Bir gün önce 15 Kasım 1983 Salı sabahı erken saatlerde Nejat Konuk başkanlığında olağanüstü toplanan “Kıbrıs Türk Federe Devleti” (KTFD) Meclisi’nde KTFD Başkanı Rauf R. Denktaş Kıbrıs Türk halkı adına Bağımsızlık Bildirisi’ni okumuştu. Meclis Kuzey Kıbrıs Türk Cumhuriyeti’nin kuruluşunu ve Bağımsızlık Bildirisi’ni onaylayan 50 sayılı kararı oybirliğiyle kabul etmişti. Böylece Kuzey Kıbrıs Türk Cumhuriyeti bağımsız ve egemen bir Devlet olarak doğmuştu. Türkiye, aynı gün akşamüstü KKTC’ni resmen tanıdığını açıklamıştı.

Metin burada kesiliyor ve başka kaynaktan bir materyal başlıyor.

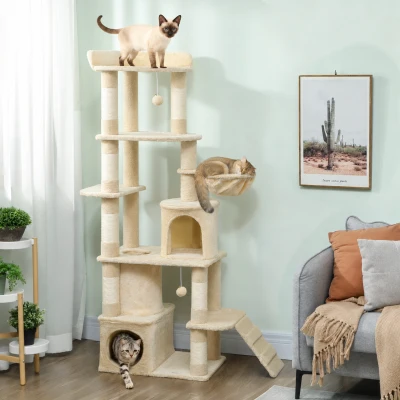 PawHut Large Cat Tree 7 Scratching Posts Condos Hammock Beige 170cm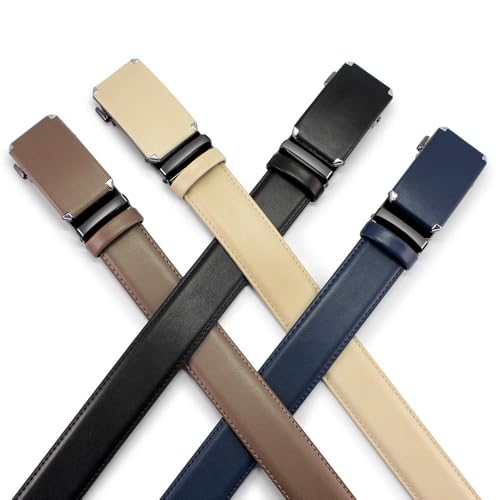 Men's Leather Ratchet Belt, 1 3/8" Wide, Cut-to-Fit - color: Beige, size: Belt Waist : 48‘’ to 54‘’ Adjustable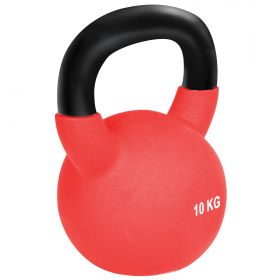 HOMCOM Kettlebell 10KG Acoperit cu Neopren Fontă Solidă Antrenament Forță Roșu | Aosom Romania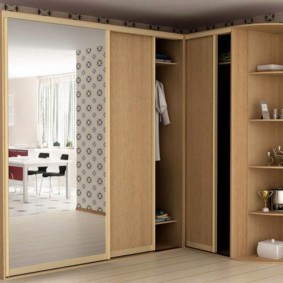 bedroom with corner wardrobe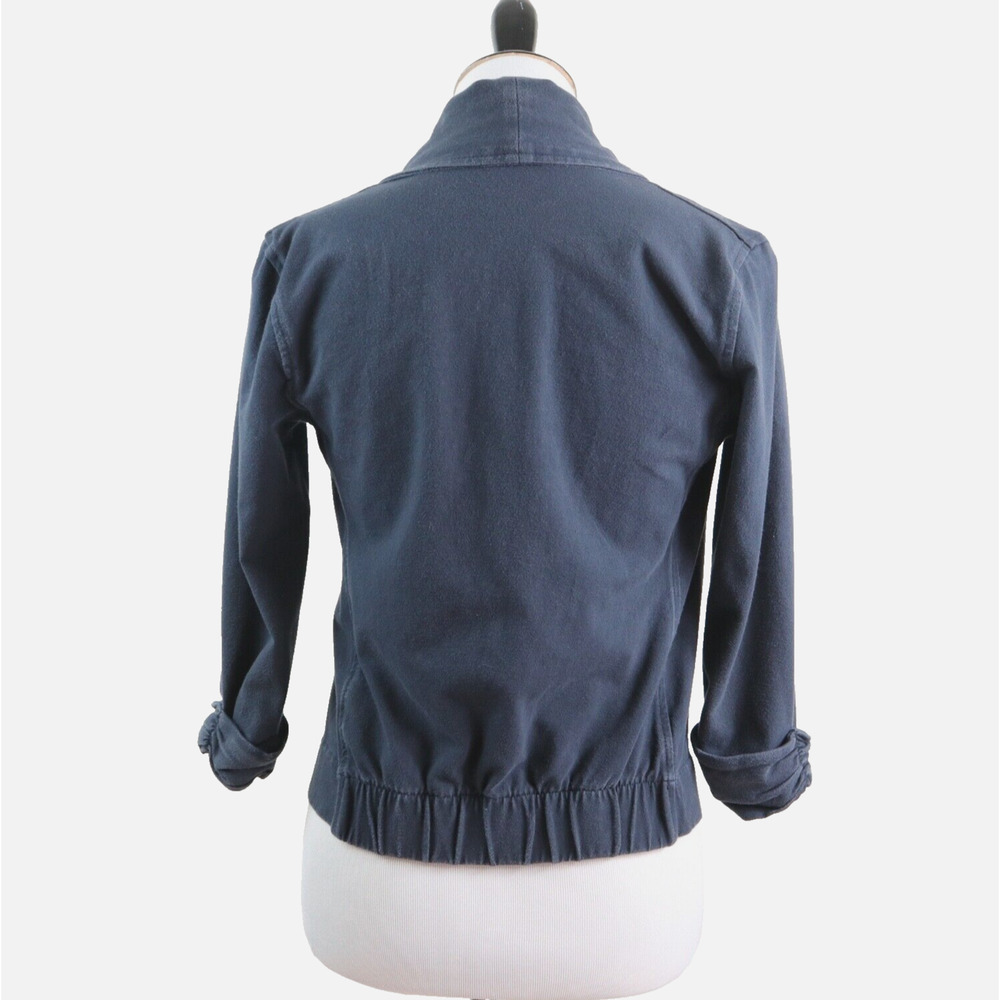 Theory Size S Ashbey Open Front Jacket 3/4 Sleeve Jersey Navy Blue - Picture 5 of 11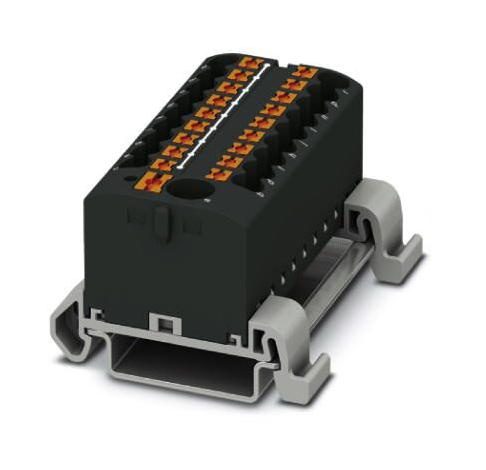 PTFIX 6/18X2,5-NS35A BK TB, POWER DISTRIBUTION, 19P, 12AWG, BLK PHOENIX CONTACT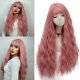 thumbnail image 1 of Peluca rosa para mujer, pelucas de pelo largo, esponjoso, ondulado y rizado para niña, pelucas sintéticas resistentes al calor para fiestas de cosplay, 1 of 5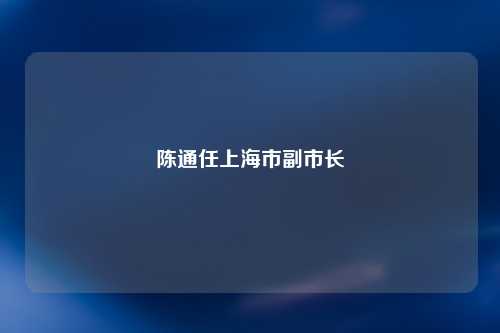 陈通任上海市副市长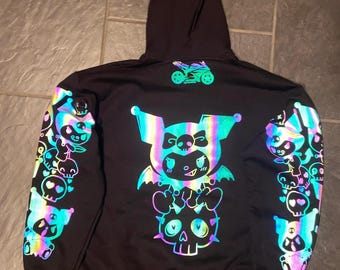 Kuro Mi Rainbow Reflective Hoodie - loose fit unisex nighttime essential riding pullover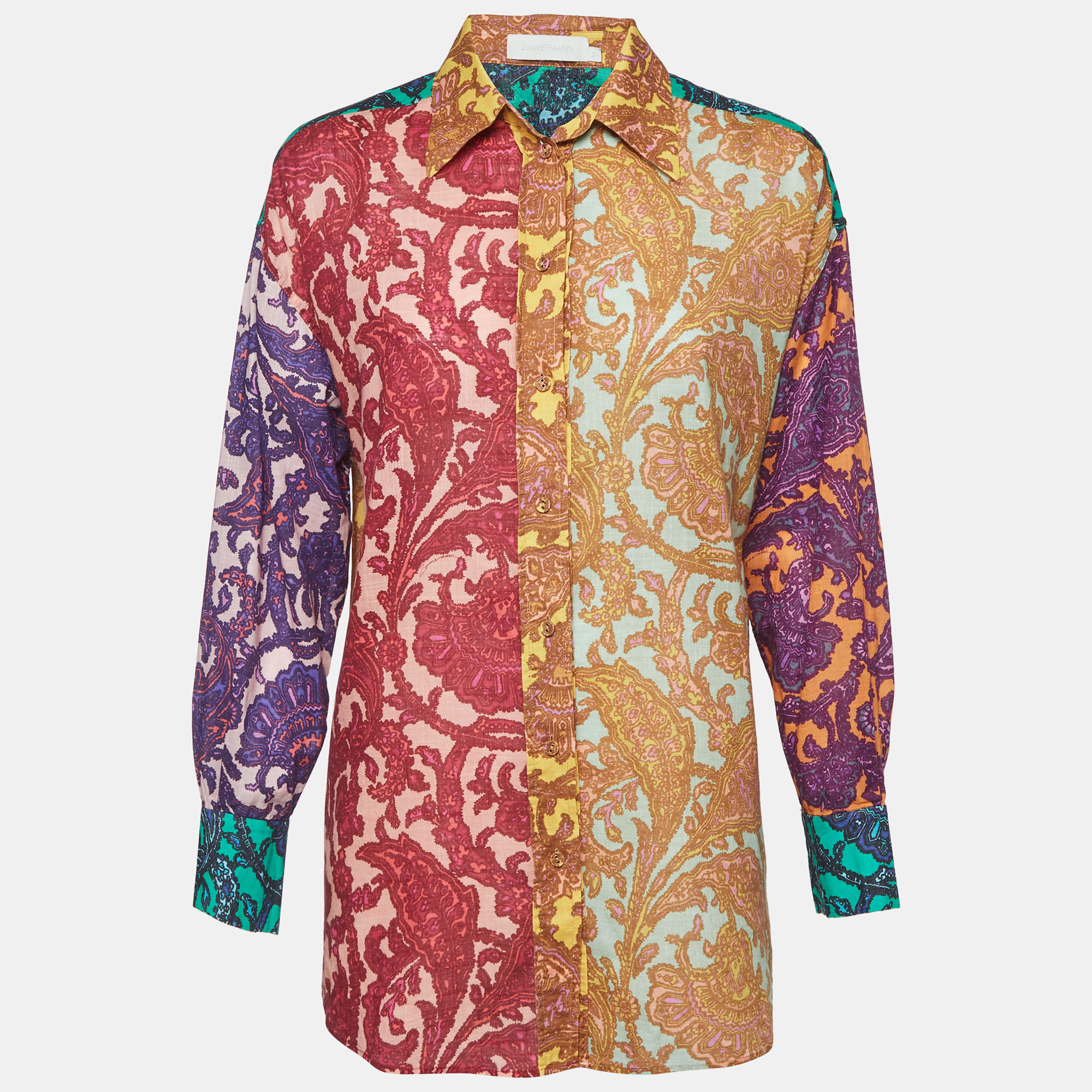 Zimmermann Multicolor Paisley Print Cotton Tiggy Spliced Shirt M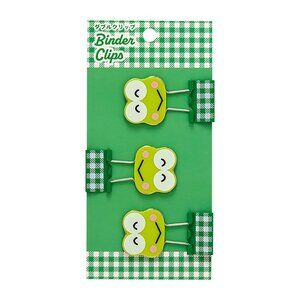 Kero Kero Keroppi Sanrio Gingham Binder Clips (Set of 3) + Free Keychain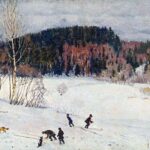 Анализ картины Константина Юона Пейзаж с лыжниками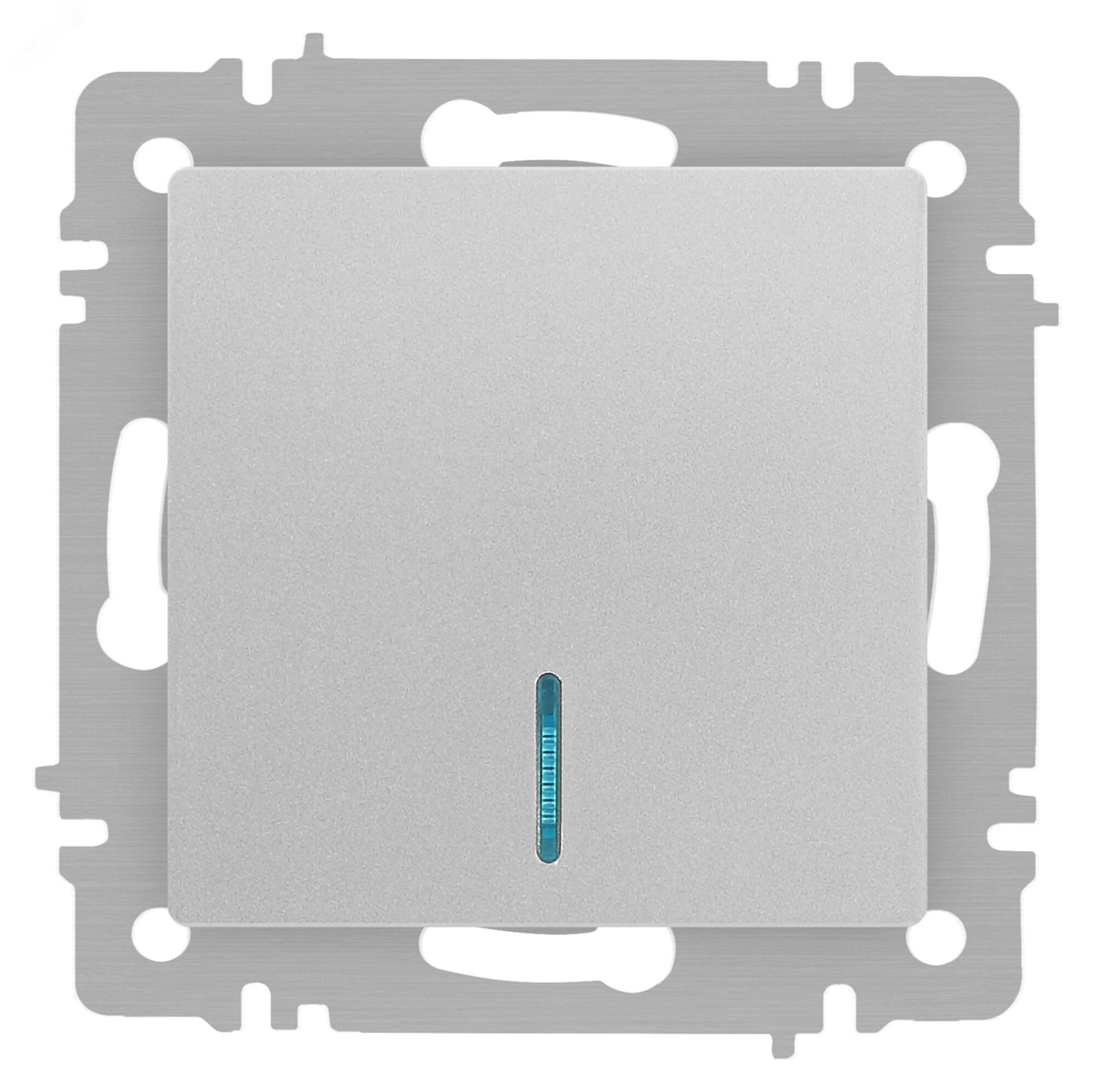 Изображение товара Выключатель одноклавишный с подсветкой Intro Accent алюминий 10А 250В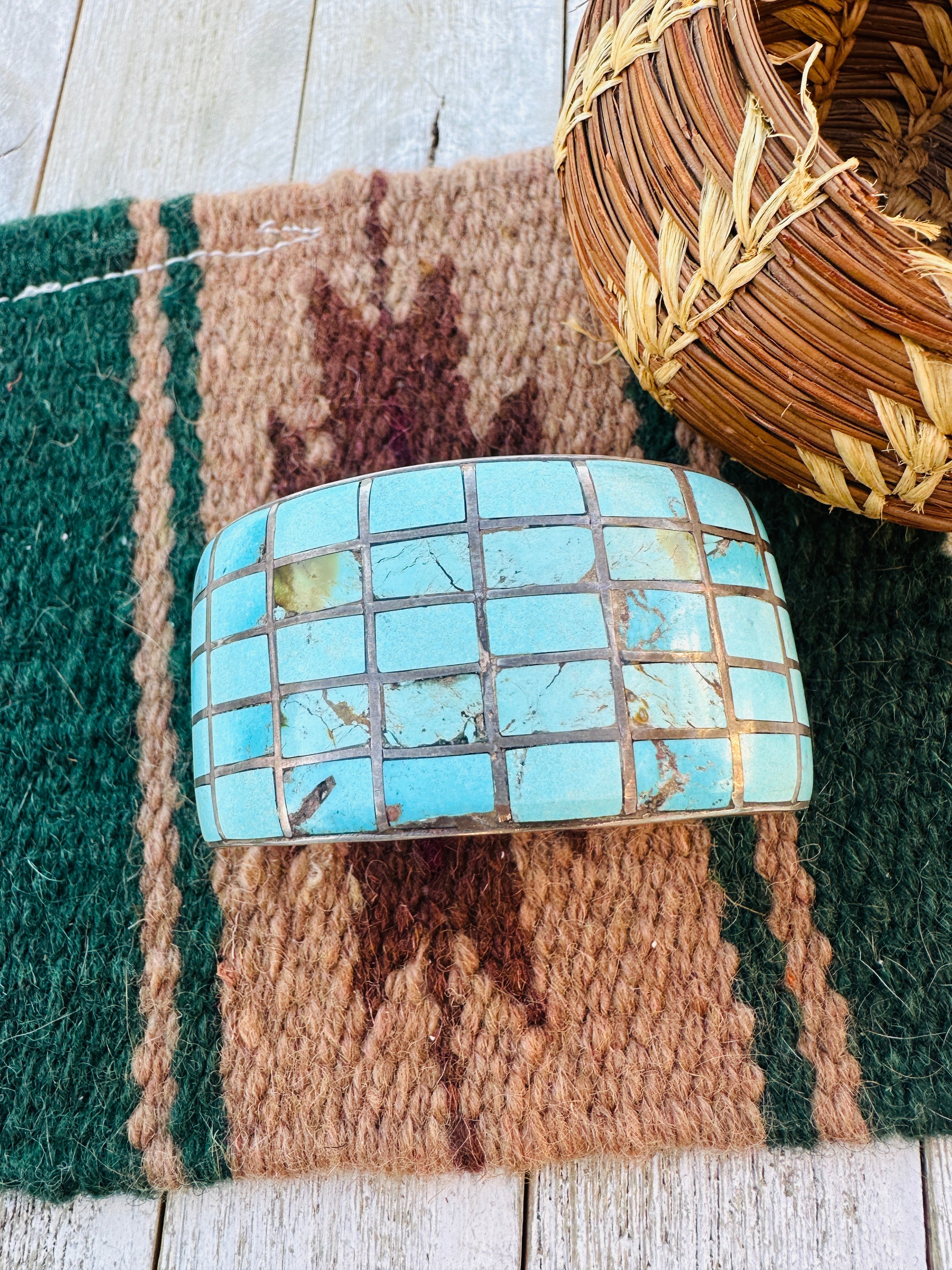 Handcrafted Old Pawn Sterling Silver & Turquoise Inlay Cuff Bracelet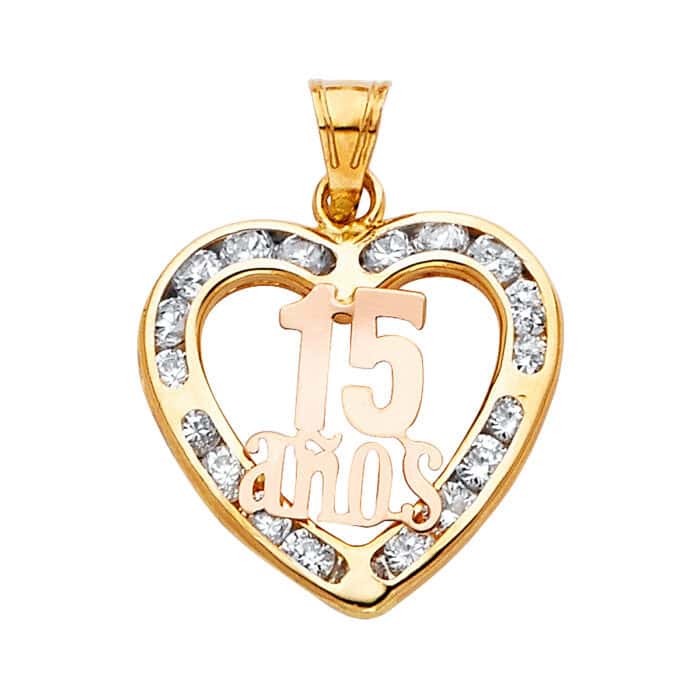14K Yellow Gold Sweet 15 Years Cubic Zirconia Pendant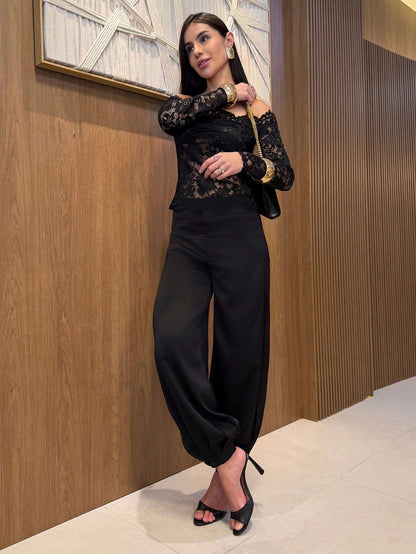 Calça Feminina Cetim Preto – Doce Malícia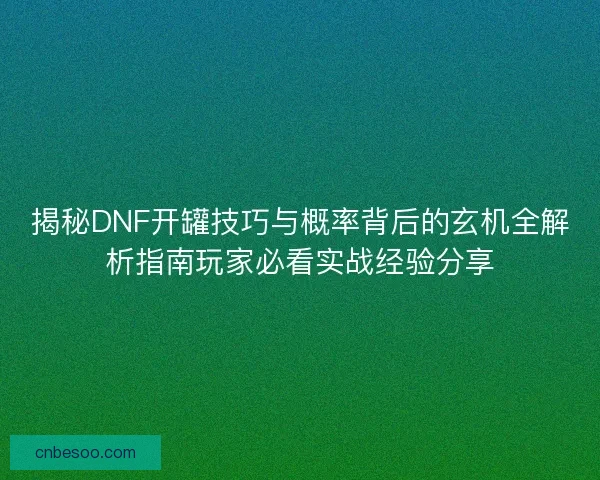 揭秘DNF开罐技巧与概率背后的玄机全解析指南玩家必看实战经验分享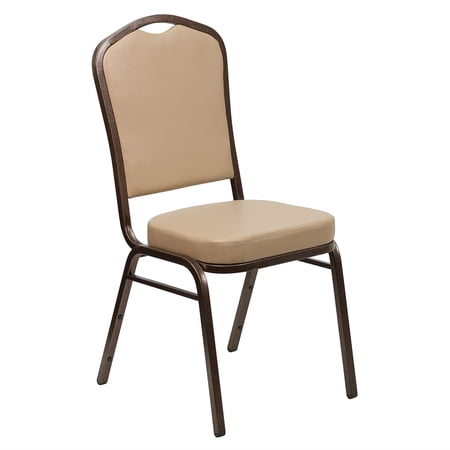 Bowery Hill Transitional Vinyl/Steel Banquet Stacking Chair in Tan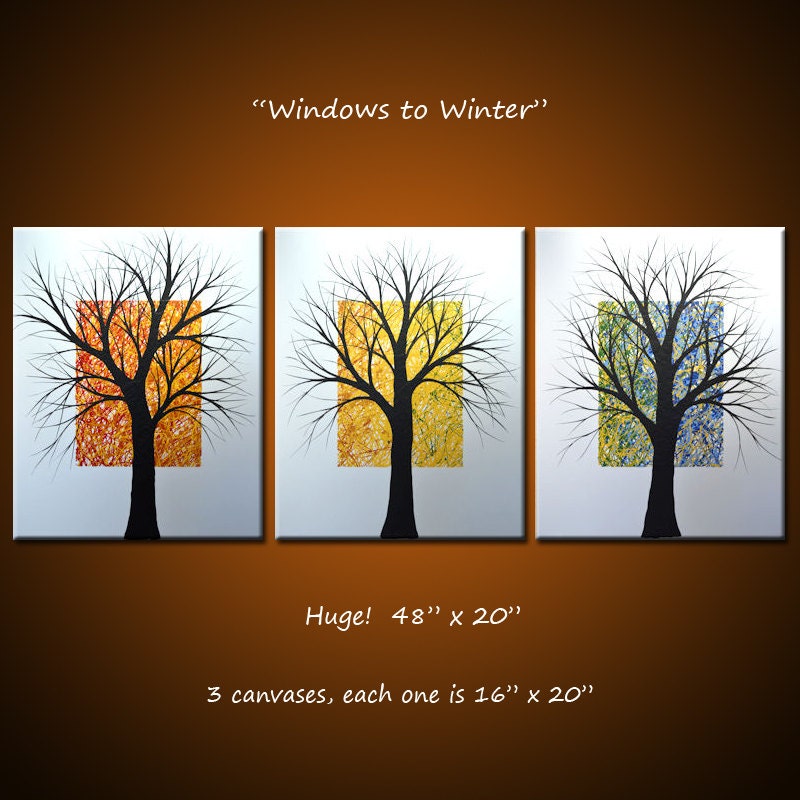 Amy Giacomelli Paintings Large Abstract Contemporary Landscape Trees .. yellow red green blue white black ...48 x 20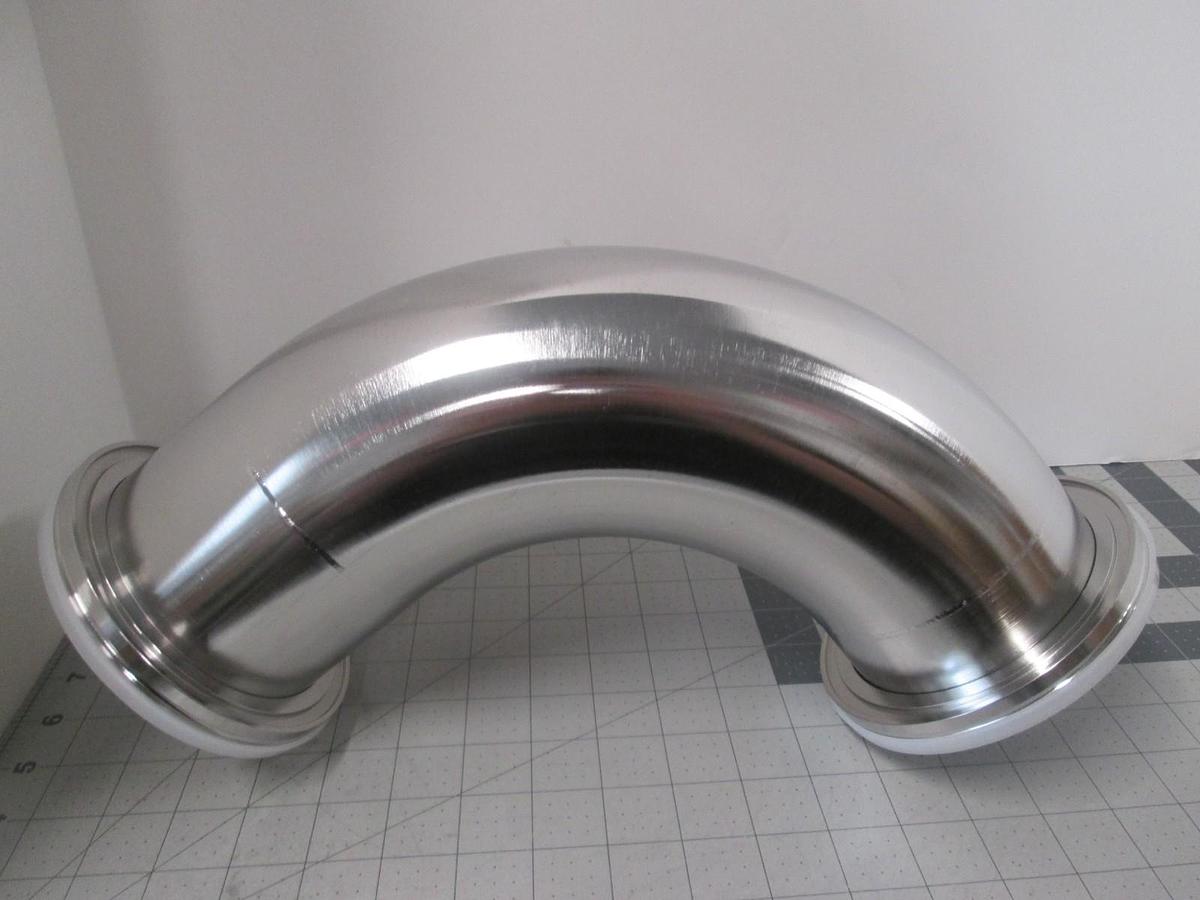 Used Vacuum Elbow, 4" Foreline, SS, 90 DEG Angle, Approx. 7-1/4", New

İşte Türk basını bağımsız yeni bir Türk Devleti’nin doğuşuyla yaşanan bu tarihî olayın haberini ertesi gün milletimizin yaşadığı heyecanı ve mutluluğu, duyduğu gururu yansıtan başlıklarla veriyordu.
Gazetelerde çeşitli köşe yazıları, yorumlar da yer alıyordu.
Bunlardan birinin kupürünü arşivimde özenle muhafaza etmekteyim. Bu kupür birkaç gün önce aramızdan ayrılan Mümtaz Soysal’ın 16 Kasım 1983 tarihli Milliyet’in 2. sayfasındaki “Açı” isimli köşesinde “Mum” başlığıyla çıkan tarihî yazısına aittir. Her zamanki akıcı ve berrak üslûbuyla Mümtaz Hocamız şunları yazıyordu (kısaltarak aşağıya alıyorum):
“Saint Hilarion Kalesi Girne’nin güneyinde, sipsivri kayalar üzerine kurulmuş bir masal kulesi gibi yükselir. Bunca yükseklikten aşağılara, yemyeşil ovaya, mavi denize ve beyaz bulutlara baktınız mı uçacak gibi olursunuz……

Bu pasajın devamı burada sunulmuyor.